Rather than seeing this as a burden, it is a chance to identify missing vaccinations, said PSA’s General Manager Policy and Engagement Chris Campbell MPS.
‘You really should use the influenza vaccination as an opportunity to promote COVID-19 vaccination, and vice versa,’ he said.
‘If you have a patient’s AIR history on the screen in the consult room, it’s a great conversation starter about making sure other vaccines are up-to-date or booked in.
‘It’s a great environment for serendipitous vaccination. ATAGI has advised influenza vaccines can safely be co-administered with any COVID-19 vaccine, which means there is no reason to delay either vaccination’.
4. Despite administering COVID-19 vaccines, pharmacists still can’t vaccinate against influenza in kids <10 years
Make sure you don’t inadvertently give a vaccine you’re not authorised to.
There is a double-standard when it comes to pharmacist immunisers vaccinating children, Mr Campbell said.

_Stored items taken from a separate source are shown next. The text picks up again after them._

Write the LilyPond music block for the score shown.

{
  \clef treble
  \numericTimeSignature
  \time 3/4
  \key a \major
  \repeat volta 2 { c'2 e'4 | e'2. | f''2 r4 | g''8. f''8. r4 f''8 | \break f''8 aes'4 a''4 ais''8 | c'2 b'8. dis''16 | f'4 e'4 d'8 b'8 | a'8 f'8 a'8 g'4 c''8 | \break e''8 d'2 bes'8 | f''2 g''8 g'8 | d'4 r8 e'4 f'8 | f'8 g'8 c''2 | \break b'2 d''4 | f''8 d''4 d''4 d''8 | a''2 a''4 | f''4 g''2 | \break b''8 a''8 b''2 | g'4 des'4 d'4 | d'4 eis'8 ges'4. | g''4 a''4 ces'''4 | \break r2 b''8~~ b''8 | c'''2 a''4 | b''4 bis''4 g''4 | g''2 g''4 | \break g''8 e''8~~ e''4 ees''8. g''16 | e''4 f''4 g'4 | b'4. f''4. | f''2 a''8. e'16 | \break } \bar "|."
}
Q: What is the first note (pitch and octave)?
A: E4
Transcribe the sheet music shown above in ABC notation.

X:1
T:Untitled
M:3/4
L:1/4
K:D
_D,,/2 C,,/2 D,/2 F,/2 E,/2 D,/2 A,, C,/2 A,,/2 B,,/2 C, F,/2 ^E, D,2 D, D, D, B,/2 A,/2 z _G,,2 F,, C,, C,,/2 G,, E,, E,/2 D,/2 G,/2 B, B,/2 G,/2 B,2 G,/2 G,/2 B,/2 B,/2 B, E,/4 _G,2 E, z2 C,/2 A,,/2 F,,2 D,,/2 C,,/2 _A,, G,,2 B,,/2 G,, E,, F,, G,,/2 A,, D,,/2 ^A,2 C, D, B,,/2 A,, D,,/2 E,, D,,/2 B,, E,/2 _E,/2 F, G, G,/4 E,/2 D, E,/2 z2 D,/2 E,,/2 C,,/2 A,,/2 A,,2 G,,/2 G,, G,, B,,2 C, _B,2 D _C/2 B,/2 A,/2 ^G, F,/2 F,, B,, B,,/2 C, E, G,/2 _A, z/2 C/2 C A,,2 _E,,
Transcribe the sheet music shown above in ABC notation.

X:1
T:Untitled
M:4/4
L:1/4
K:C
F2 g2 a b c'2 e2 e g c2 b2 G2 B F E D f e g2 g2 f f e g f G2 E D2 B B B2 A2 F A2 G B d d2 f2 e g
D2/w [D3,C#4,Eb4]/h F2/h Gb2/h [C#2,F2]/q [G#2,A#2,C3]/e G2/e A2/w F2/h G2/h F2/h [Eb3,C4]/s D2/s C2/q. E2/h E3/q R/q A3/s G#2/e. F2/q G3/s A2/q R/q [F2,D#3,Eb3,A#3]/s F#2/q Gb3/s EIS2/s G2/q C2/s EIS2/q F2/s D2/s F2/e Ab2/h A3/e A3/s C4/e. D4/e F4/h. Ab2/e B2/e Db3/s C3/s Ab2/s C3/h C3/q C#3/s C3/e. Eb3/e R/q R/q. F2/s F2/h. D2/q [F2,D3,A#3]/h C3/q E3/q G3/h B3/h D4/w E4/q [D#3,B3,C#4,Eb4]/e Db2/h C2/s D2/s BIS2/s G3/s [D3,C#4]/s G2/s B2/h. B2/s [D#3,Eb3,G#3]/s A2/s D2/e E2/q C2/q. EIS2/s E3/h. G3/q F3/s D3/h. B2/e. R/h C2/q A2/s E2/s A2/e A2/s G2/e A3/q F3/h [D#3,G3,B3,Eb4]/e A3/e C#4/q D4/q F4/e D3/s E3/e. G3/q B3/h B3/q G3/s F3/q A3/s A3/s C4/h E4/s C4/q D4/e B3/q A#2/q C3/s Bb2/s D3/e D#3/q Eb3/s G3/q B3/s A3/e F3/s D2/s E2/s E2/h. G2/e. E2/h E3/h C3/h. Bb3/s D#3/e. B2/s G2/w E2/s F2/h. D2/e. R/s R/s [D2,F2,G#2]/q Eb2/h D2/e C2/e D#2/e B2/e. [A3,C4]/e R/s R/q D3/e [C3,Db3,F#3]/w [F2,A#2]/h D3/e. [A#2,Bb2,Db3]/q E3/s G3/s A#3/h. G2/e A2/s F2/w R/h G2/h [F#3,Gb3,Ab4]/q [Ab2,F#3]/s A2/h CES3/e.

‘We can give COVID-19 vaccines to children aged 5–11 years, but we can’t give flu shots to any child under 10 years of age,’ he said. ‘This is something that needs to change – parents shouldn’t be penalised by red tape.’
5. Children <3 years have never been exposed to influenza and are now a priority
The historically low levels of influenza due to the pandemic mean most children under 3 years of age have never been exposed to the virus, making them a priority group for vaccination.
All children under 3 years of age are eligible for an NIP-funded influenza vaccines.
6. Influenza vaccination should be offered throughout the flu season, not just at the start
While most pharmacies and medical practices administer the majority of influenza vaccines in March–May each year, ATAGI recognises there is still benefit to vaccination when administered later in the flu season.
Vaccination should continue to be offered as long as influenza viruses are circulating and a valid vaccine (before expiration date) is available. Some vaccine brands have an expiry date of February 2023.
PSA continues to fight to remove barriers to vaccination
Making NIP vaccines available through community pharmacies, and other places pharmacists practice, makes it easier for the most vulnerable members of the community to protect their health.
Mr Campbell said this needs to be expanded to include all NIP-funded vaccines and remuneration for vaccine administration.
In its 2022–23 pre-Budget submission, PSA called on the federal government to introduce an immunisation service payment of $39.10 per NIP vaccination administered by pharmacists.
It advised the payment should be implemented through the Medicare Benefits Schedule (MBS) and modelled on the Level B payment available to GPs. This is defined as professional attendance by a general practitioner lasting less than 20 minutes, which includes providing appropriate preventive health care.
‘Improving remuneration ensures pharmacists are recognised in accordance with other vaccinators, both financially and professionally,’ Mr Campbell said.
‘Funding for pharmacists will ensure there are no out-of-pocket costs for the most vulnerable Australians who access the National Immunisation Program, aligning with the policy intent of the program.’
Pay parity would also help ensure vaccination services remain viable for pharmacies, which is particularly important in rural and remote areas where access to a GP may be limited.